May 12, 2016 in Case Law Updates by

Many times, insurers find themselves in a bind when there are competing claims for the same insurance proceeds. A similar question always arises in these situations: how should a carrier go about distributing insurance benefits in an equitable fashion and meet the standards of good faith claims handling? This question is relatively easy to answer on claims that do not amount to more than policy limits. The question, however, gets more difficult when the total value of competing claims exceed policy limits.

Under Florida law, “it is generally held that where multiple claims arise out of one accident, the liability insurer has the right to enter reasonable settlements with some of those claimants, regardless of whether the settlements deplete or even exhaust the policy limits to the extent that one or more claimants are left without recourse against the insurance company.” Harmon v. State Farm. Mut. Auto. Ins. Co., 232 So. 2d 206 (Fla. 2d DCA 1970); see also Farinas v. Florida Farm Bureau Gen. Ins. Co., 850 So. 2d 555 (Fla. 4th DCA 2003). Whether these claims are to be treated one at a time or collected and evaluated together, is a choice solely within the discretion of the insurer with the risk, of course, also borne by the insurer. Harmon v. State Farm Mut. Auto. Ins. Co., 232 So. 2d 206 (Fla. 2d DCA 1970).

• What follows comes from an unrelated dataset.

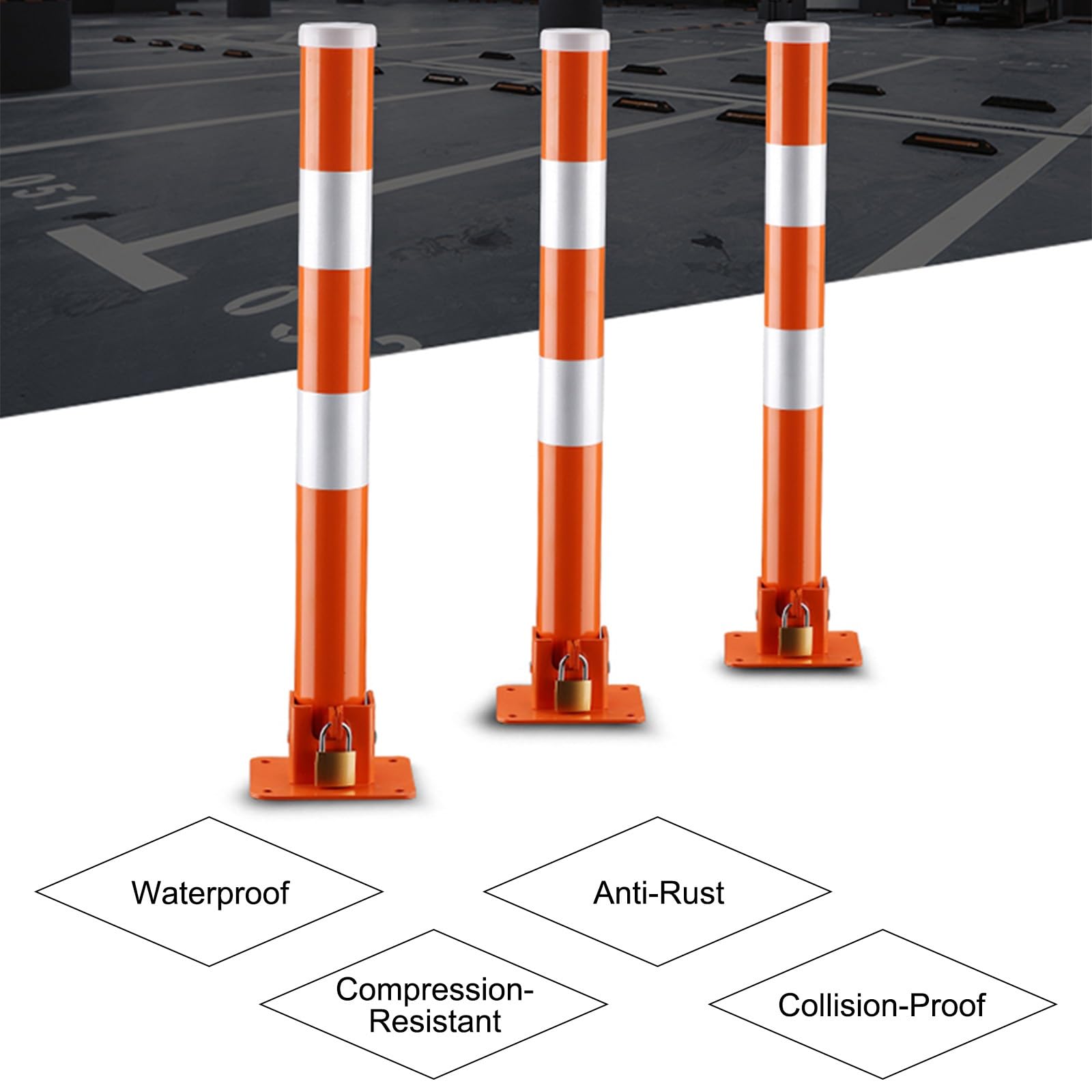 Borne de sécurité en Acier - Barrière de stationnement, Poteau de signalisation pour allées et contrôle de la Circulation des véhicules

In order to satisfy the requirements for good-faith settlement of competing claims the insurer must: (1) fully investigate all claims arising from a multiple claim accident; (2) seek to settle as many claims as possible within the policy limit; (3) minimize the magnitude of possible excess judgments against the insured by reasoned claim settlement; and (4) keep the insured informed of the claim resolution process. Gen. Sec. Nat’l Ins. Co. v. Marsh, 303 F. Supp. 2d 1321 (M.D. Fla. 2004). Whether an insurer has met its good faith duty and undertaken a reasonable claims settlement strategy are generally questions for a jury to decide. Farinas v. Florida Farm Bureau General Ins., 850 So. 2d 555 (Fla. 4th DCA 2003).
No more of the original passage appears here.